Meditation is also not spacing out. The state of mind you’re in during meditation is alert, concentrated, sharp, and focused. It’s the level of attention you give Netflix while you’re enthralled in its stories: completely engaged.

You already know how to meditate

People often find it difficult to focus on the most common object of meditation, which is the breath. Our mind drifts, thinking of plans, regrets, the pain in our knees, or what’s for lunch. But in daily life, we’re able to focus—sometimes for hours—on objects besides the breath. When we desperately want something—a girl, a boy, an iPhone, an apartment, or a job—we can stay focused on that fantasy for hours without drifting.

And when we’re upset about something—feeling resentful, indignant, alone, or angry—we can also stay with the feeling for long stretches without drifting from it. This shows that we have the ability to focus single-pointedly so maybe all we need to do is change the object of focus.

But meditation isn’t just shifting the object of attention. How you think about the object of meditation is also important. When you’re focused on obsessive anger or desire, that’s not meditation, it’s rumination. 

Rumination is a state of mind where you’re not seeing the world or your mind clearly, where you’re exaggerating and obsessing. Your mind chases or flees objects, people, and ideas that don’t bring you satisfaction or peace. And some of these objects are even wholly imagined. Ruminating, we lose sight of the distance between our awareness and the object of our obsession. We effectively become our obsession, handing it the keys to our mind.

Meditation takes our natural power of attention and controls it. It directs us toward beneficial states of mind, and makes us fully self-aware, no longer overpowered by inaccurate, exaggerated craving, misery, or rage.

Meditating for the wrong reasons

It’s also possible to meditate for the wrong reasons. I’ve been meditating for about twenty years, but I think for long stretches of that time, I used the stabilizing effects of meditation to take on more activity and more stress, trying to achieve more in the world, and not necessarily for the altruistic benefit of all beings. I used the calming, stabilizing powers of meditation to heap on more activity and ramp up my pace.

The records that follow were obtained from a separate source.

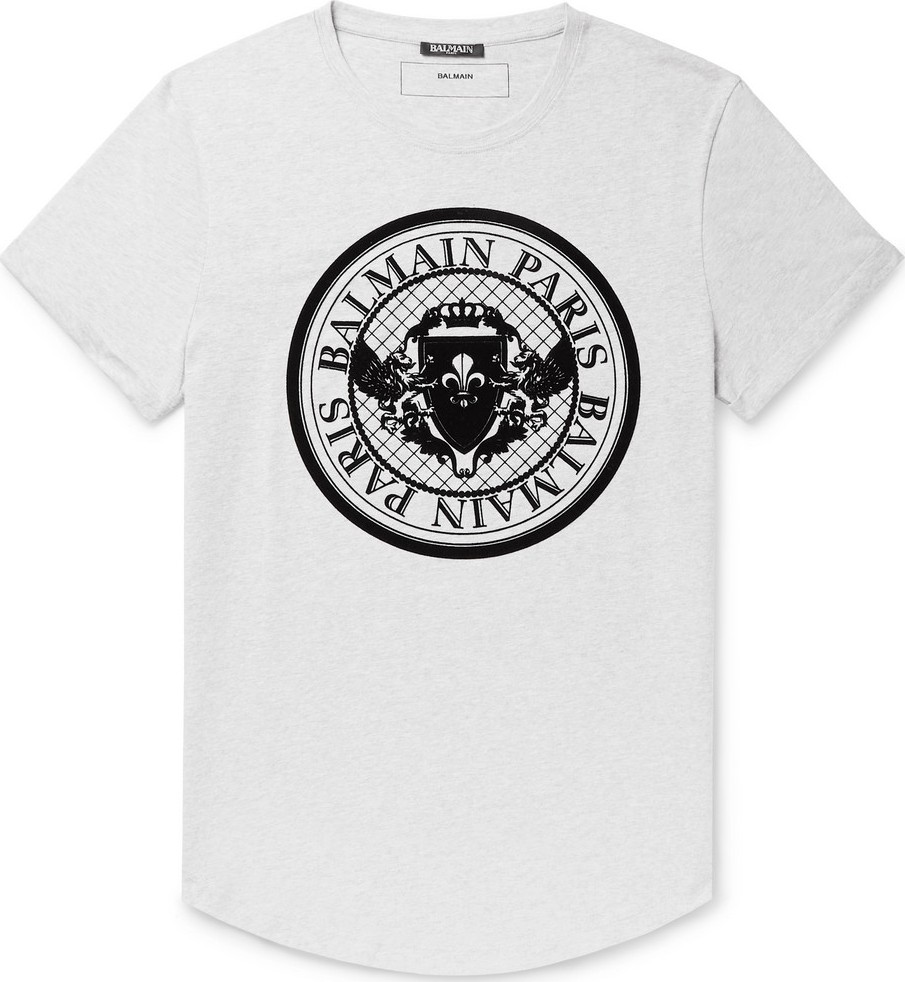 Balmain Slim-Fit Logo-Flocked Mélange Cotton-Jersey T-Shirt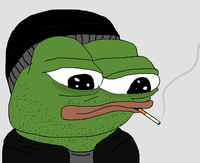 pepe doomer smoking unshaved 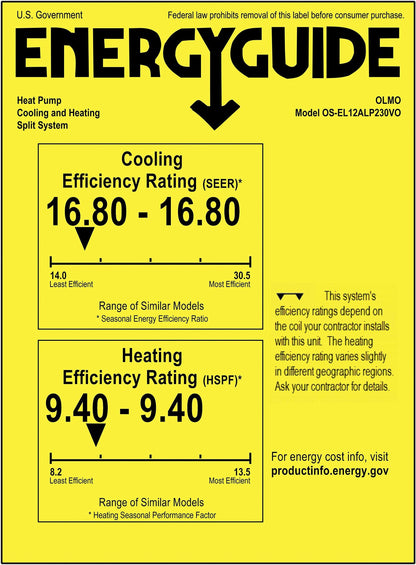 OLMO 12,000 BTU 230V Mini Split AC Heat Pump, Ductless Wall Mount - 20 SEER2 - Smart Kit & 16FT Installation Kit Included - Pre-Charged with R-32-1 Ton Inverter System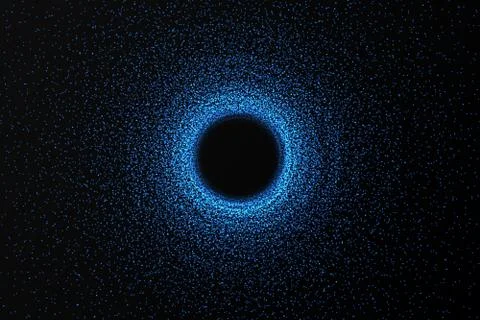 Glowing wormhole in space, interstellar warp, traveling trough space and time Stock Illustration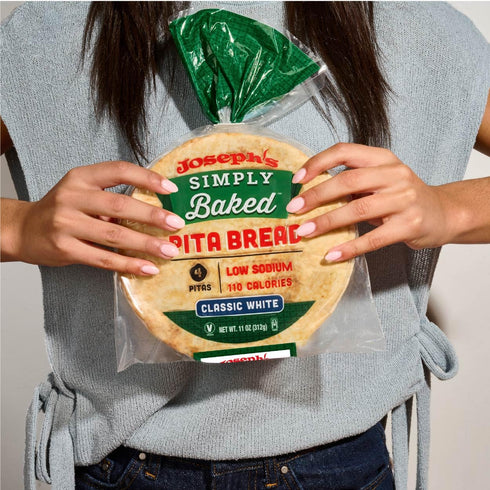 1-Pack, (4 Pack, 11oz.) Joseph's Simply Baked Classic White Pita, Fresh Baked Pitas per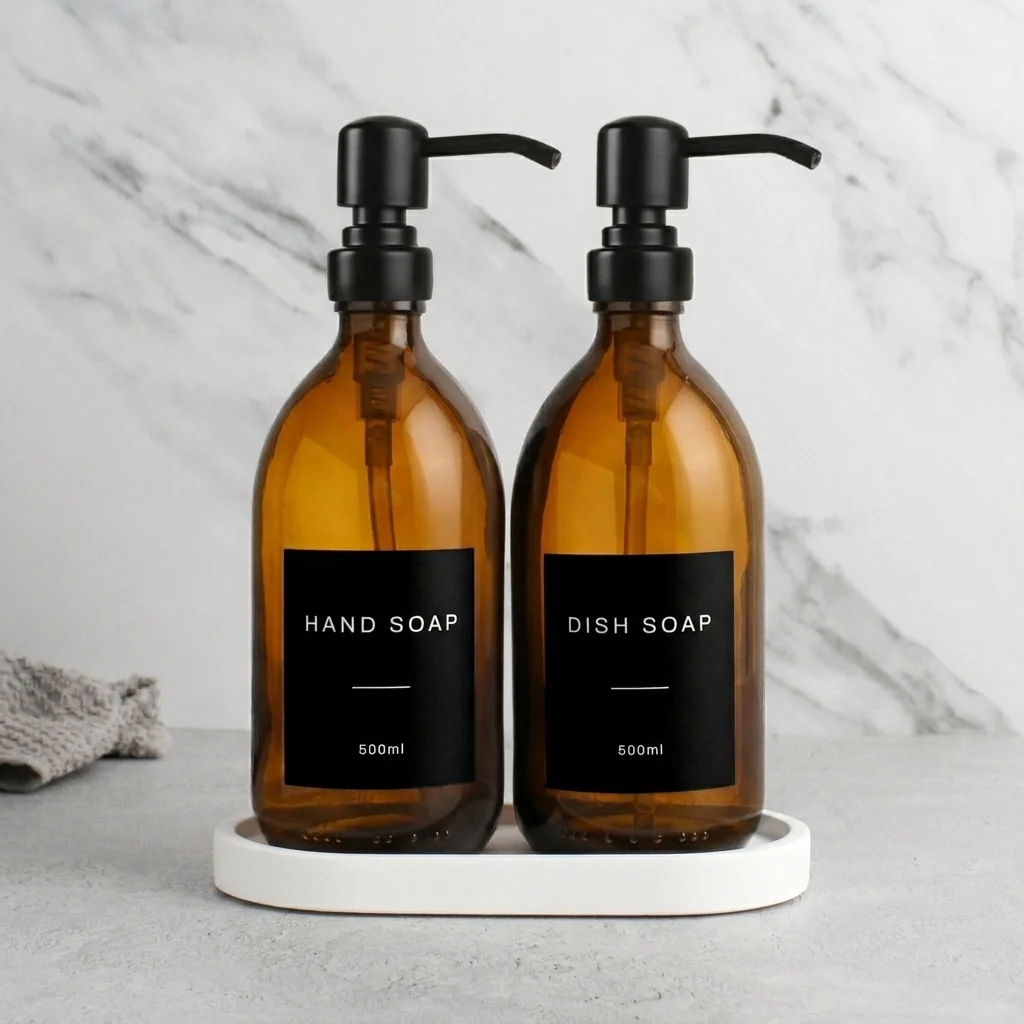 Hand Soap & Dish Soap Amber Glass Set - Image 6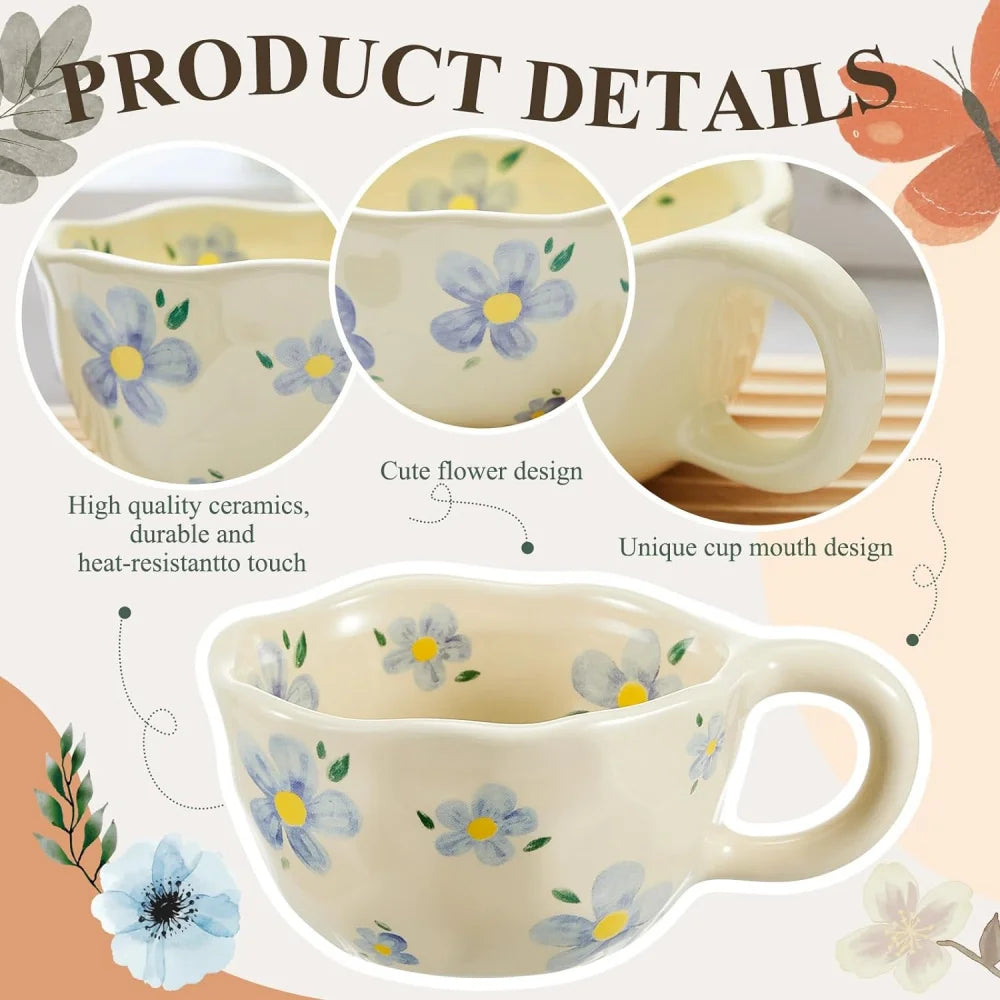 Ceramic Mugs Coffee Cups Hand Pinched Irregular Flower Milk Tea Cup ins korean style Oatmeal Breakfast Mug Drinkware Kitchen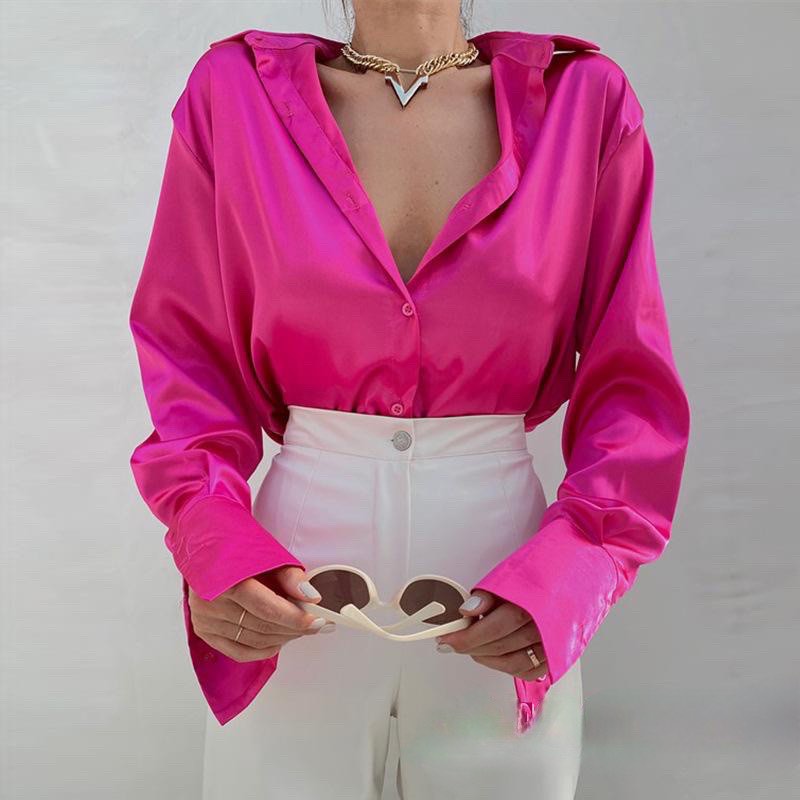 Pink Satin Shirt, Women's Fashion, Tops, Shirts on Carousell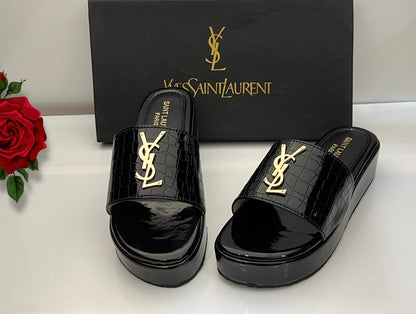 Saint Laurent YSL Croc Luxe Slide Sandals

So, I worry that some of the high-performing corporate executives and superstars who’ve taken on meditation may suffer from the same problem of using meditation to pile on more worldly stress, to achieve more and pursue more goals of limited value, while avoiding the moral reckoning as to whether this frenetic activity is truly fulfilling.

Even the military is using meditation now, to train the attention of soldiers so they can dispassionately maintain focus instead of panicking about killing another human being. Meditation isn’t necessarily virtuous.

When I consider this way of meditating—of becoming more focused and effective in one’s mundane or even harmful actions—I think of my favorite Star Wars movie, The Empire Strikes Back. (And I really didn’t intend to put two Star Wars references in this episode, but please stay with me). 

In Empire, Darth Vader is constantly meditating. He’s meditating more than he’s killing or piloting a spaceship. He has this giant, shiny black egg that opens like a lotus, and there he sits cross-legged in shiny plastic body armor becoming one with The Force, meditating on evil. And he’s definitely got the breath thing going for him.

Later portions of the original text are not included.